Charisma circulated a video excerpt of a sermon by Shane Idleman speaking at Westside Christian Fellowship in Leona Valley, California. “I’m so sick of this politically correct culture that can’t offend anyone—except believers,” said Idleman, charging that the culture is trying to silence the church and “the voice of truth.”
Waving his Bible, he said, “I’ll give you this when you pry it out of my cold, dead hands.”
“The pulpit sets the tone for the nation, not Fox News and CNN,” he said, arguing that Americans should look to the Bible for answers about immigration, guns, gay marriage, and other issues. But, he said, “they” want to “silence the pulpit. ‘You just do your little church stuff, let us control the world. Let us control the United States.’”
Idleman mentioned that he recently read “Original Intent,” one of Barton’s books, and he indeed sounded like it, citing the Mayflower Compact as evidence that the U.S. was founded for the glory of God and the advancement of the Christian faith, and quoting Declaration of Independence signer Benjamin Rush talking about the role of Divine Providence in the nation’s founding.
“If you wanted to run for office in our nation, you had to profess a faith in Father, the Son, and the Holy Spirit, to even run for office,” Idleman said.
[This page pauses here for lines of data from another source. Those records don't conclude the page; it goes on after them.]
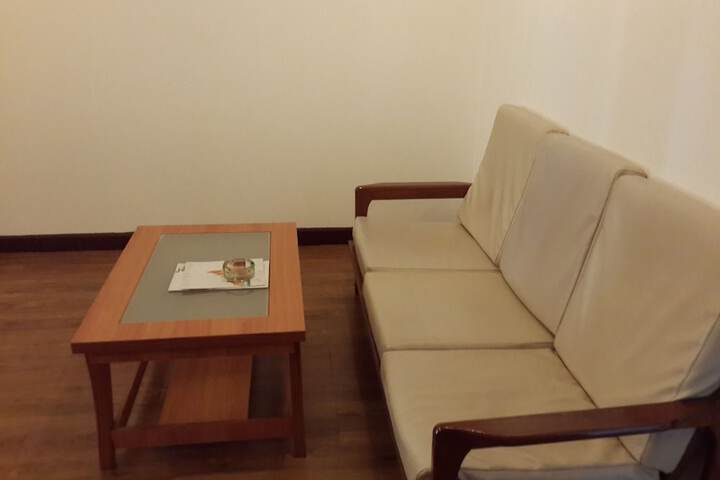 Room 46 of 90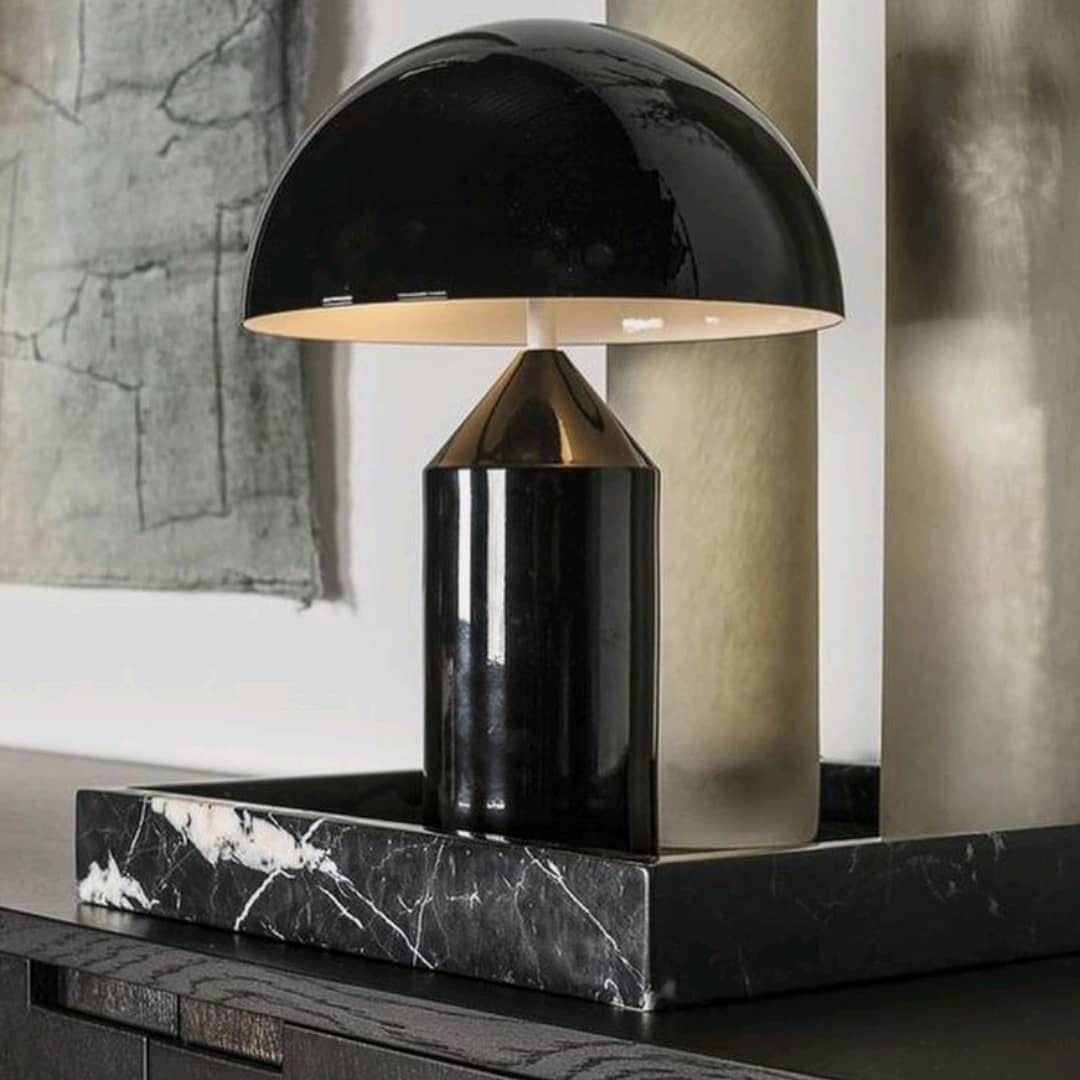 Zonthara | Avant-Garde Geometrische Sculpturale Silhouet Metalen Tafellamp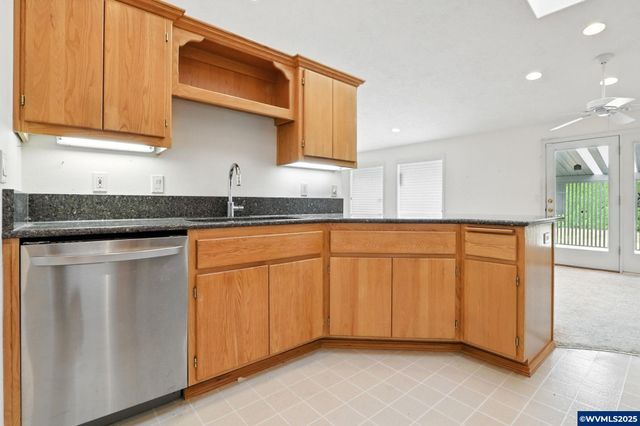 2677 Burlington Ct NE, Salem, OR 97305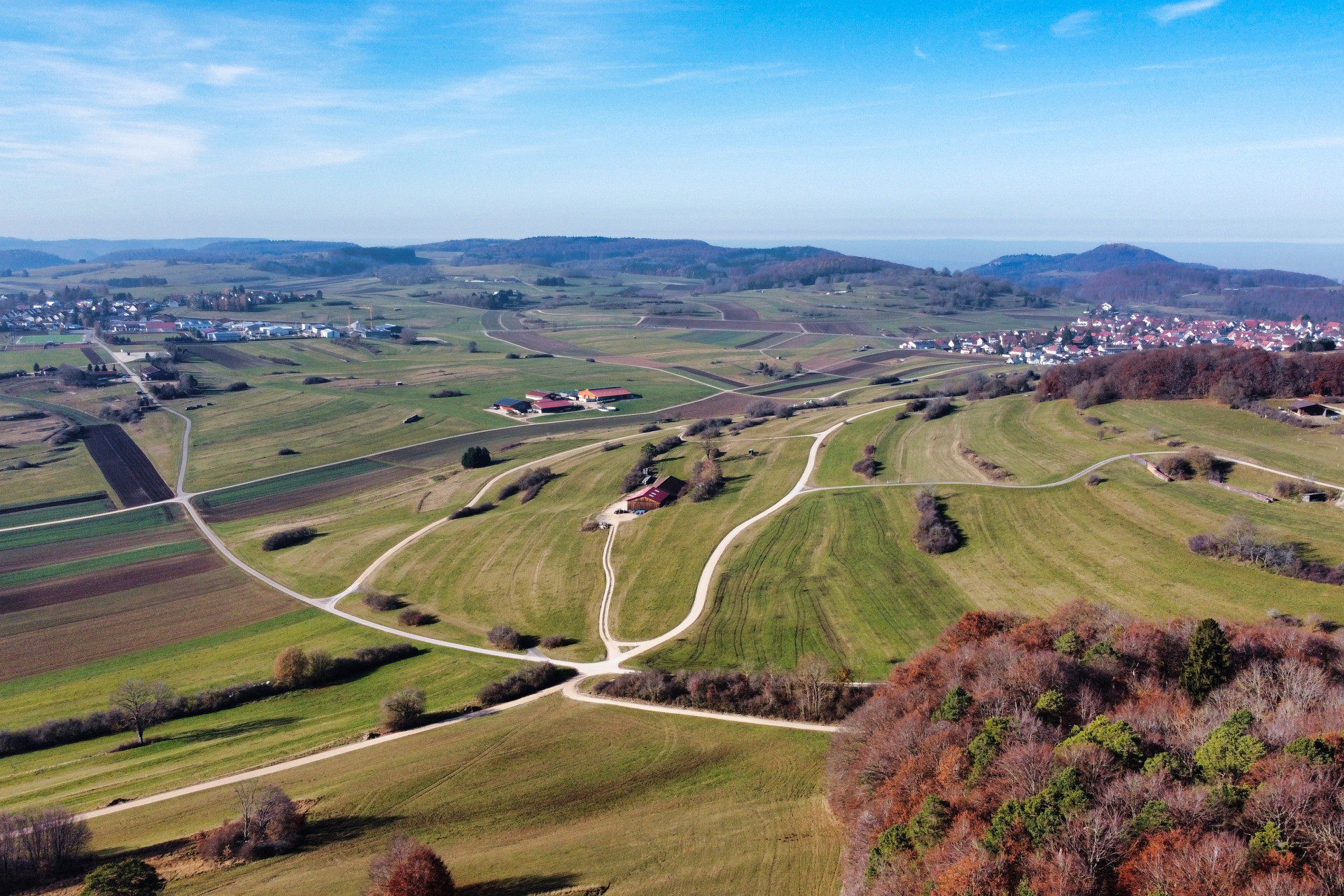 Drohnenaufnahme überhalb des Gebiets der Burgruine Hohgengenkingen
But now, he says, without revival, the U.S. is “going to hell in a handbasket” because the country has “catered to political correctness” and the courts have misinterpreted the idea of the separation of church and state:
See, we can openly acknowledge God in all areas of government, because our government was built on His word, His precepts and His principles. We must acknowledge Him as the source of our nation’s strength. …
We’re not establishing a religion, we’re acknowledging God’s sovereign hand, and what He has done. And then all these groups like to use separation of church and state. It’s nowhere in the Constitution. Nowhere. Thomas Jefferson wrote a letter to the Baptists, and he said, ‘Don’t worry, it’s not going to become a national denomination. There’ll be a wall of separation between church and state so they can work and function separately.’
But then the court takes that phrase and now says, ‘Oh, now that means, the church can’t be involved in anything. Get the church out of everything.’ Separation of church and state. That’s not what it meant. … The people who started the nation would roll over in their graves. Because the whole reason for coming and founding it was to elevate God’s word, was to be a city upon a hill.